Internet Access to Company Documents

The Company provides access to its Securities and Exchange Commission ("SEC") filings through its web site at www.lutherburbanksavings.com. After accessing the web site, the filings are available upon selecting "About Us/Investor Relations/Financials/SEC Filings." Reports available include the annual report on Form 10-K, quarterly reports on Form 10-Q, current reports on Form 8-K, and all amendments to those reports as soon as reasonably practicable after the reports are electronically filed with or furnished to the SEC.

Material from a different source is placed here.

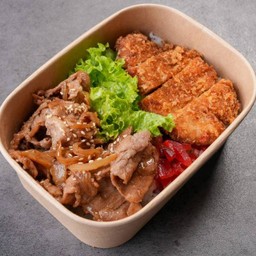 ข้าวหน้าทูโทน (ข้าวหน้าหมูและหมูชุบแป้งทอด)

Luther Burbank Corporation Foundation

Following the recent northern California wildfires, we established the Luther Burbank Corporation Foundation ("Foundation") which was granted 501(c)(3) status by the IRS. The Foundation is an all-volunteer organization, having no paid staff and will primarily be funded by Luther Burbank Corporation, as well as from our directors, business partners and a corporate giving program recently implemented that will match employee donations. Grants disbursed from the Foundation will consist of providing disaster relief and rebuilding assistance in and around Santa Rosa following the wildfires as well as making all of its grants that qualify for the Community Reinvestment Act, in the three priority areas (1) social and human services; (2) community development; and (3) education.

Employees
As of December 31, 2017, we had 258 full-time employees and 8 part-time employees. None of our employees is covered by a collective bargaining agreement. We consider our relationship with our employees to be good and have not experienced interruptions of operations due to labor disagreements.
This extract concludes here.